The data below is to be transcribed word for word; pictures are to be excluded.

── Input data

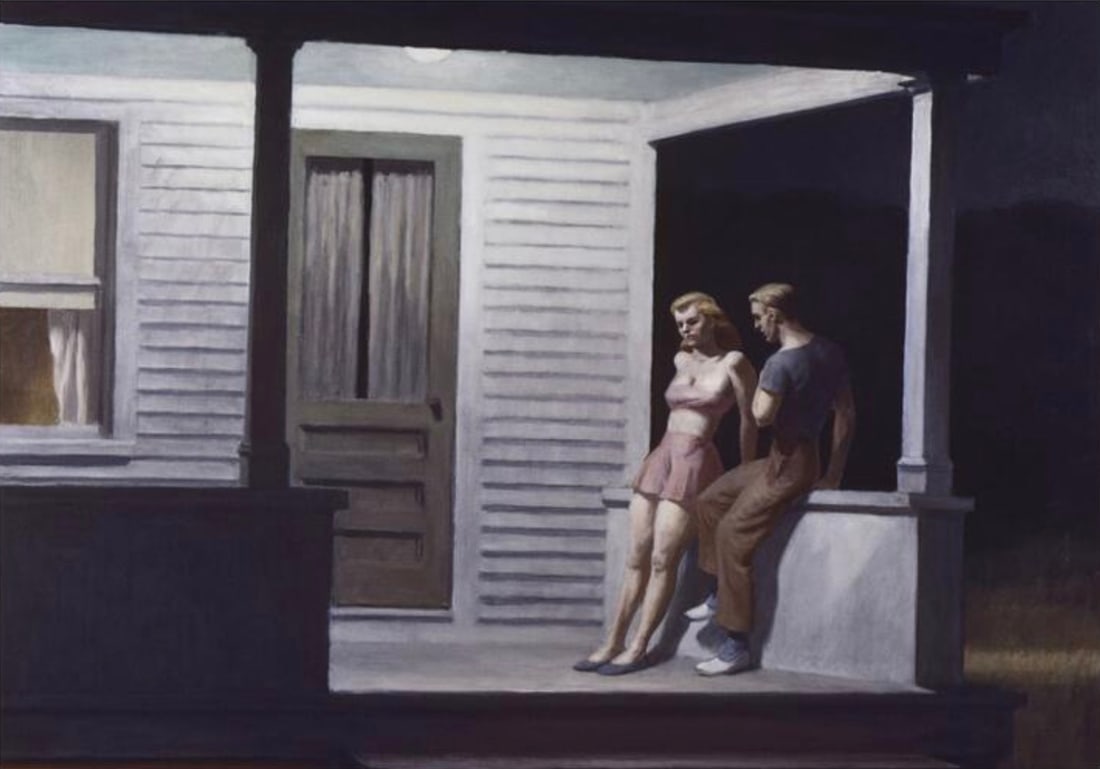 AFTER EDWARD HOPPER (AMERICAN) PRINT ON PAPER: After Edward Hopper (American) Print on Paper. Summer Evening (1947). Measures 24.50 x 17.25 inches.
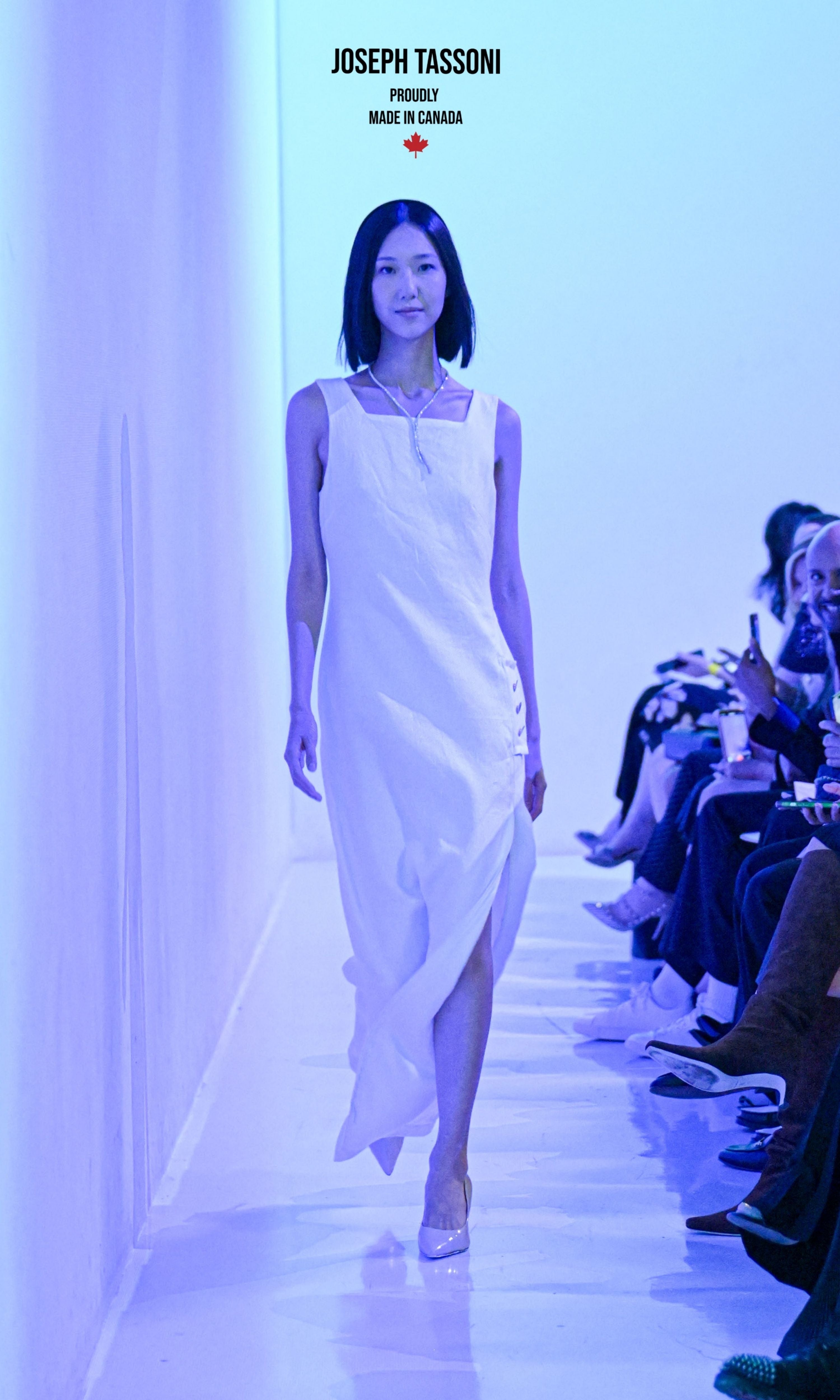 Joseph Tassoni Full-Length Square Neck Linen Dress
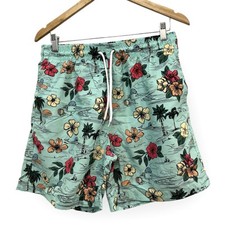 Trunks Men s Hibiscus Hawaiian Tropical Floral Swim Trunks Size Large Mesh Liner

────

> [Response]:
 AFTER EDWARD HOPPER (AMERICAN) PRINT ON PAPER: After Edward Hopper (American) Print on Paper. Summer Evening (1947). Measures 24.50 x 17.25 inches.
 Joseph Tassoni Full-Length Square Neck Linen Dress
 Trunks Men s Hibiscus Hawaiian Tropical Floral Swim Trunks Size Large Mesh Liner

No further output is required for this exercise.